Being Badass: Books, Boardrooms & Babies

Talking books, boardrooms and babies with Danusia Malina-Derben  and a very extensive CV!

Global Leadership Consultant, Business Owner, Speaker, Podcast Host, Author of Noise: A Manifesto Modernising Motherhood, Founder and ‘badass mum of…10’! The reason we list mum of 10 at the end is that Danusia is keen not to be introduced by her baggy vagina (her words!) as the first badge that springs to mind. So rather than focus on how the heck she juggles 10 kids, let’s look at the journey and drive that got her to where she is today. 

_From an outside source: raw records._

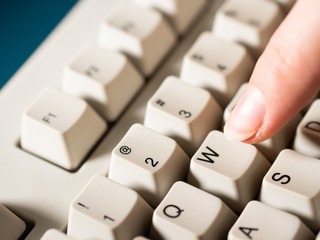 Female forefinger pushes W button. Close-up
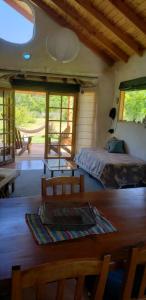 1 dormitorio con 1 cama, mesa y sillas en Casa cerca del lago en Lago Puelo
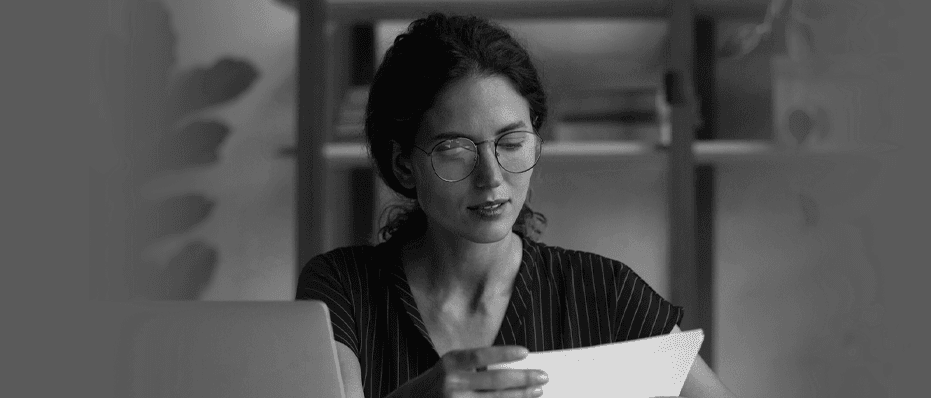 woman sorting through papers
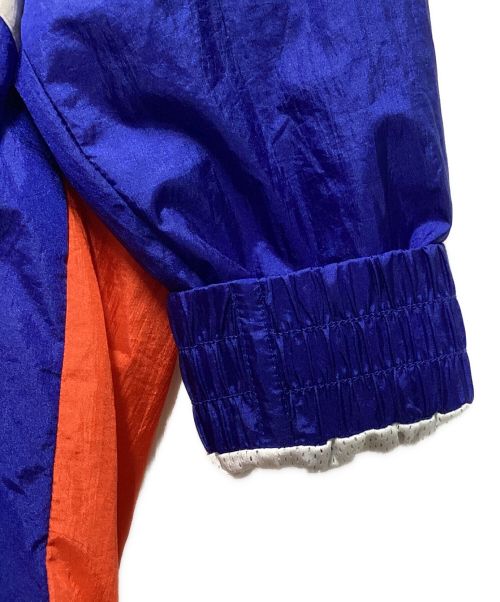 MITCHELL & NESS（ミッチェルアンドネス）MITCHELL & NESS (ミッチェルアンドネス) HARDWOOD CLASSICS (ハードウッドクラシック) ナイロンジャケット ブルー×オレンジ サイズ:XLの古着・服飾アイテム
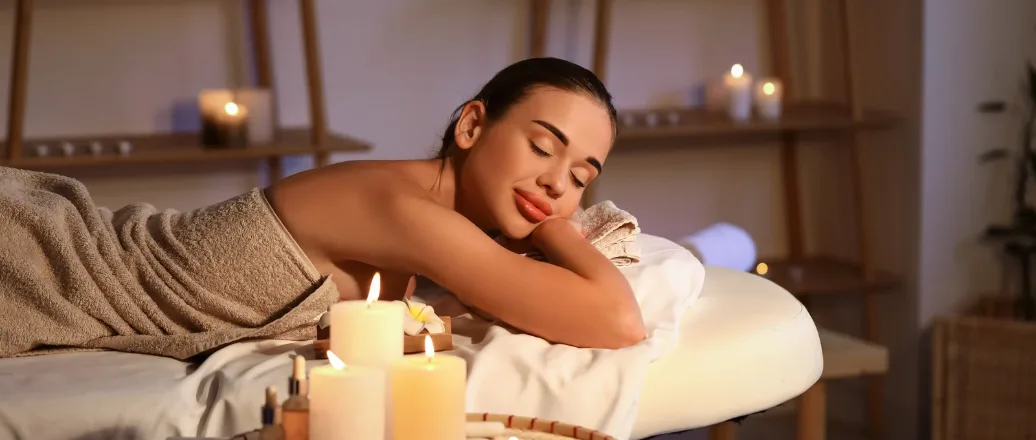 Woman relaxing on a spa massage bed with candles and soft lighting during a wellness visit Copy Alt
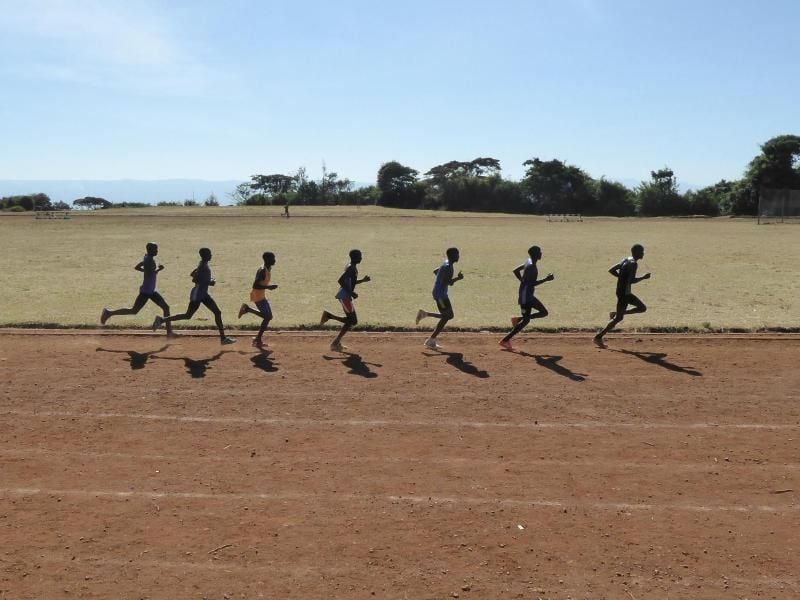 Eine Gruppe kenianischer Läufer zieht auf der Sandbahn des Sportplatzes in Iten ihre Runden. Foto: Bernd Röder/dpa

Yes of course kids play a huge part in the drive. One could go as far to say that they fuel the fire to succeed. Danusia is quick to point out that she is a professional human being first and, “oh, by the way, I also have 10 kids”.

And it’s this attitude that has propelled her to the Boardroom and where she is today.

A mum at 17, 4 kids by 22 but Danusia knew she wanted a real career, a career that sat detached from the stigma of motherhood and what that meant in the working world. 

 

“Do you have a prolapse after 10 kids? No, I have a Boardroom”.

 

Enough said. We could end the chat right there. It can be done. It requires a huge element of self-definition. When 4 kids in 5 years aren’t planned you’re not fuelling a fire, you’re entering a baptism of fire. A sink or swim. An acceptance that kids are putting your career on hold or an acknowledgement that you are not going to drown in being a Mum. 

Danusia knew that she’d have to get pretty smart about carving out a career and continuing to be ‘herself’ and not Danusia the Mum. A lot of us emerge in our 40’s, the kids are a bit older and we seek out our path older and wiser. Danusia was finding herself at the age of 22. That’s an entirely different mental state to be in. To simultaneously find yourself at that young age whilst raising kids takes resilience, a depth of character and an acceptance. The acceptance is that it’s fine to want to excavate the journey of holding onto herself whilst also going through births and pregnancies. 

Danusia points out that you’ve got to play the cards you’ve got and play them wisely. She quickly got herself a mentor and a sponsor who were crucial and integral to the journey. They created a platform for Danusia to be both the sponge and the stone, the listener and the creator. And of course there were critics along the way. Establishments and characters who doubted the ability to carve out a career whilst raising so many young kids. 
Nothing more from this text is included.